DuckDB is an in-memory, columnar, SQL database designed for analytical (OLAP) workloads, offering high-speed data processing and analysis. Its columnar storage model and vectorized query execution make it highly efficient for OLAP tasks, enabling fast aggregation, filtering, and joins on large datasets. DuckDB's ease of integration with data science tools and its ability to run directly within analytical environments like Python and R, without the need for a separate server, make it an attractive choice for OLAP applications seeking simplicity and performance.

By default, Rill includes DuckDB as an embedded OLAP engine that is used to ingest data from sources and power your dashboards. Nothing more needs to be done if you wish to power your dashboards on Rill Developer or Rill Cloud.

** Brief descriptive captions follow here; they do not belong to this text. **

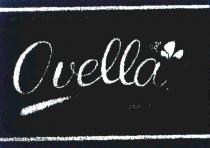 ovella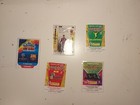 Foto 2 di 3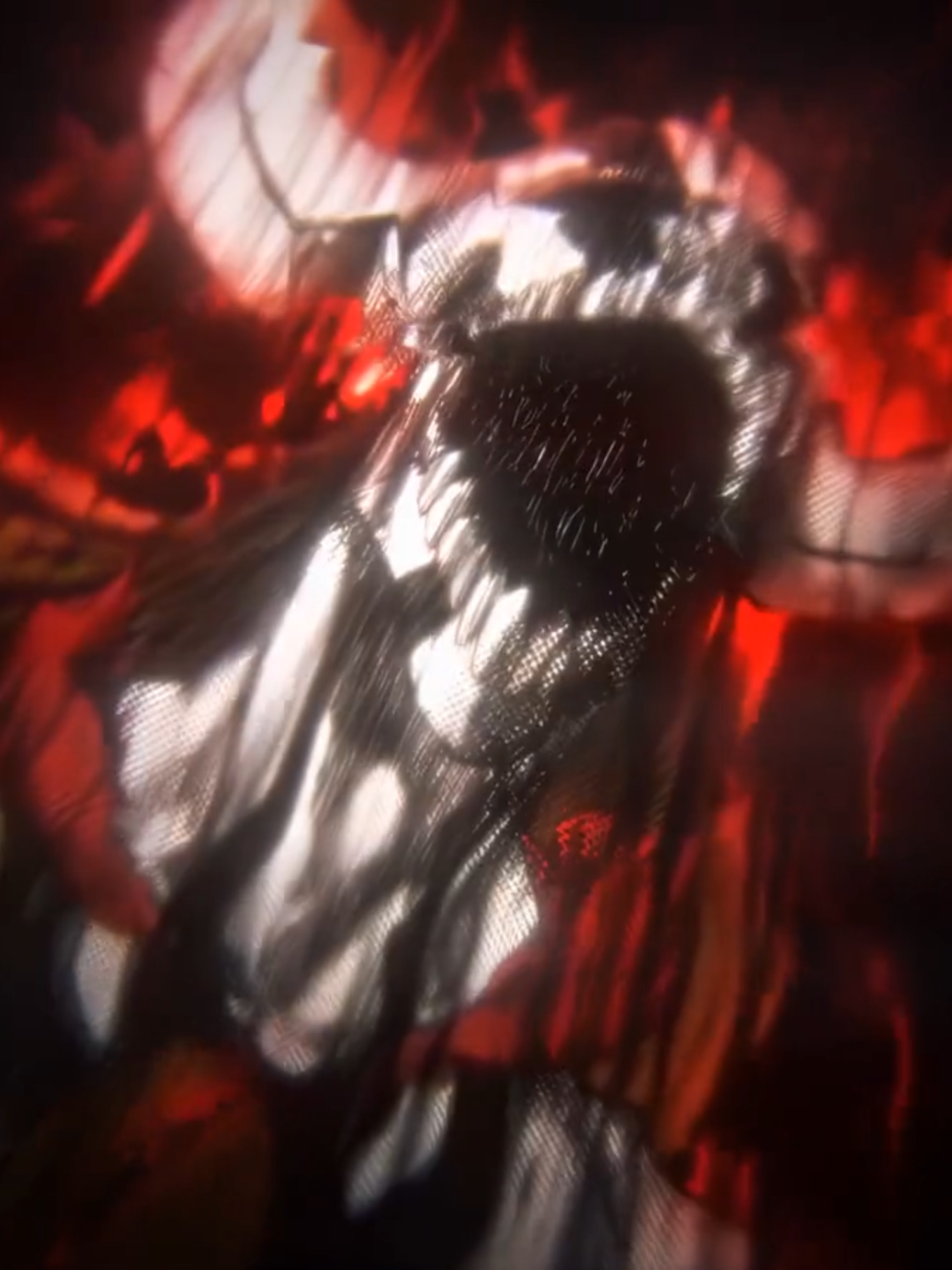 AAAAAAA #anime #edit #60fps #4k #120fps #bleach #ichigokurosaki #manga ★ upload method ★ TG: @editing_news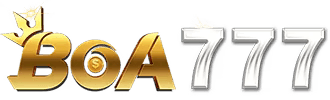 Alemanha x - 3335bet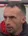 Dusan Ivanovic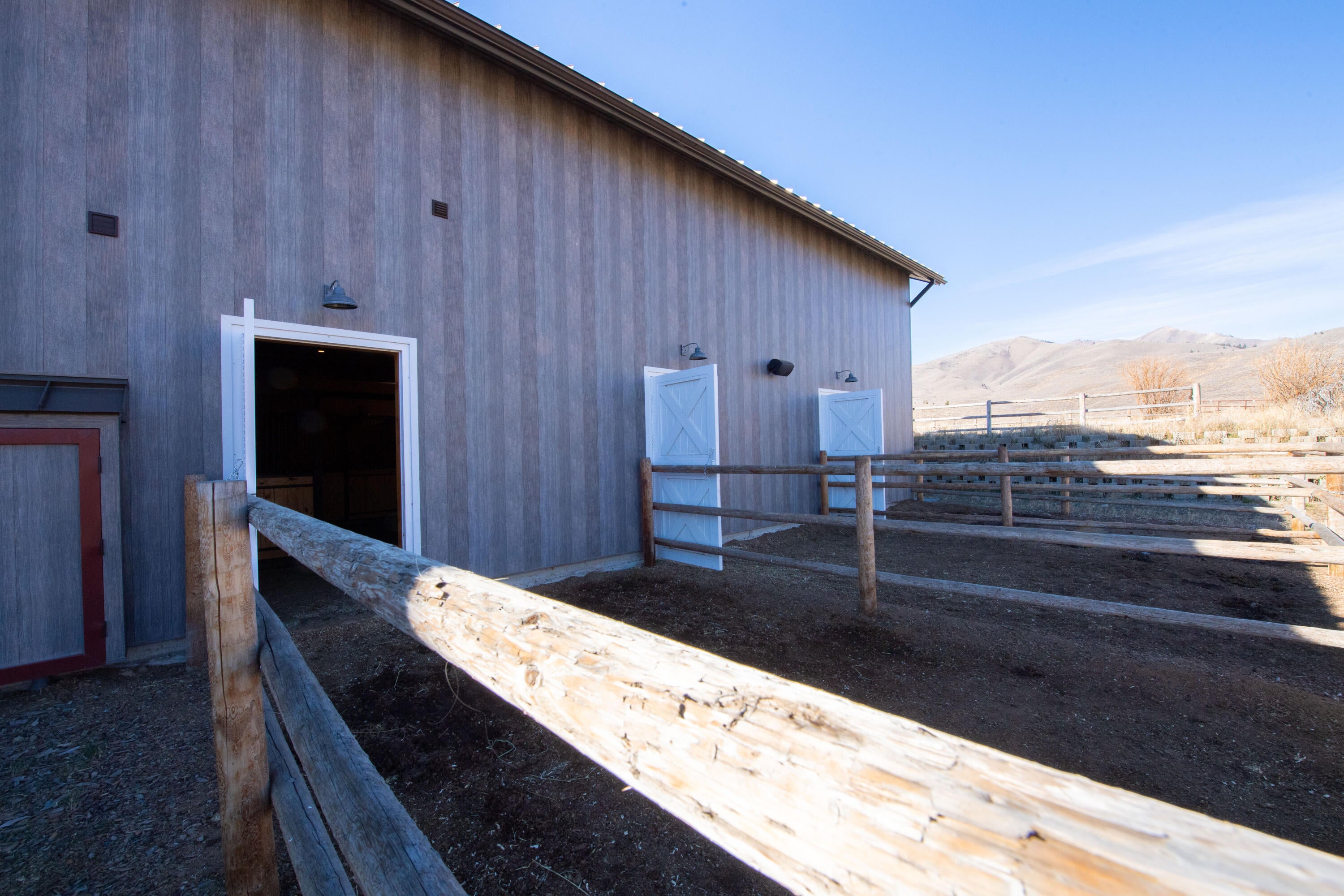 20 McAtee Lane, Hailey, ID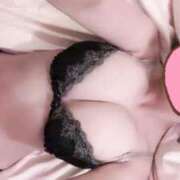 ヒメ日記 2025/05/12 07:01 投稿 鈴乃（すずの） 元祖神戸Ｍ性感～Ｍ・ｉｎｇ～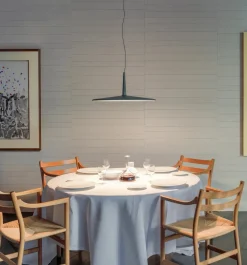 Vibia Suspensions><noscript><img width=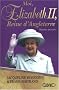 Moi, Elizabeth II, reine d'Angleterre : M�moires apocryphes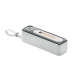 Powerbank promotionnel 5000 mAh et LED COB POWLIGHT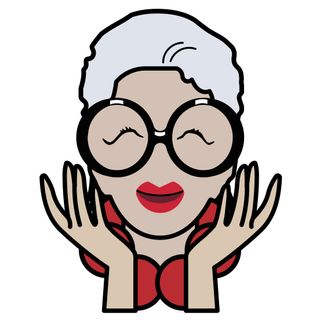 the-iris-apfel-emojis-are-finally-in-the-app-store-1860097-1470415459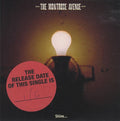 The Montrose Avenue : Shine... (CD, Single, Promo)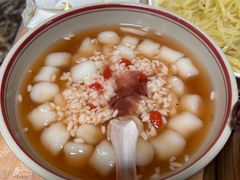 -人和水上飘(第一家店)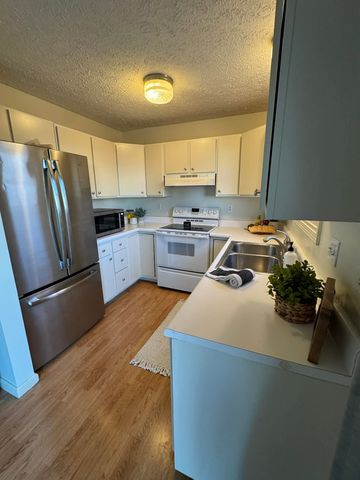 908 N Johnson Street, Marion, IL 62959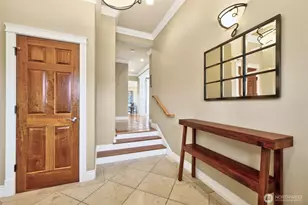 816 Walnut St, Edmonds, WA 98020 - Photo 3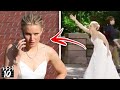 Top 10 Celebrities Who Got Left At The Altar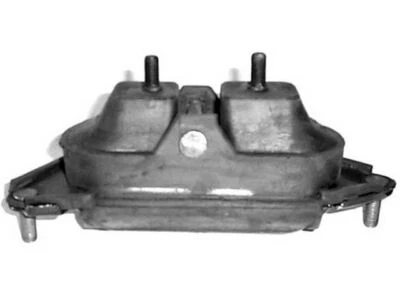 Montaje motor delantero derecho Pontiac Aztek 2001-2005 61896VD 2004 2003 2002 Foto 1 de 2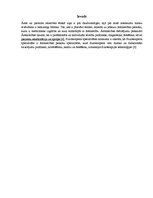 Referāts 'Medicīnas ētika fizioterapeitiem', 3.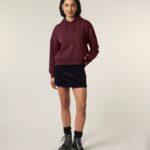 Stella Nora Front Main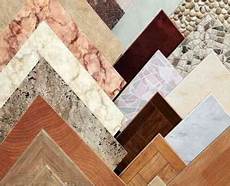 Ceramic Building Materials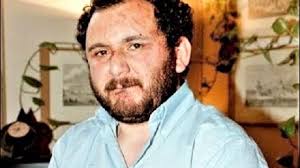 La cassazione ha infatti respinto la richiesta dei suoi legali di ottenere la. Mafia Giovanni Brusca Torna Libero Lascia Il Carcere Dopo 25 Anni Maria Falcone Umanamente Addolorata Ma Legge Va Rispettata Vedova Caposcorta Falcone Sono Indignata Lo Stato Ci Rema Contro Telecaprinews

Optimizing performance on DuckDB

DuckDB is a very useful analytical engine but can start hitting into performance scale challenges as the size of ingested data grows significantly. As a general rule of thumb, we recommend keeping the size of data in DuckDB to under 50GB along with some other performance recommendations. For larger volumes of data, Rill still promises great performance but additional backend optimizations will be needed. Please contact us!

Interested in using DuckDB and another OLAP engine in the same project?

Well now you can! For more details, see our page on Using Multiple OLAP Engines.

Additional Notes

  • For dashboards powered by DuckDB, measure definitions are required to follow standard DuckDB SQL syntax.
  • Known issue around creating a DuckDB source via the UI, you will need to create the YAML file manually.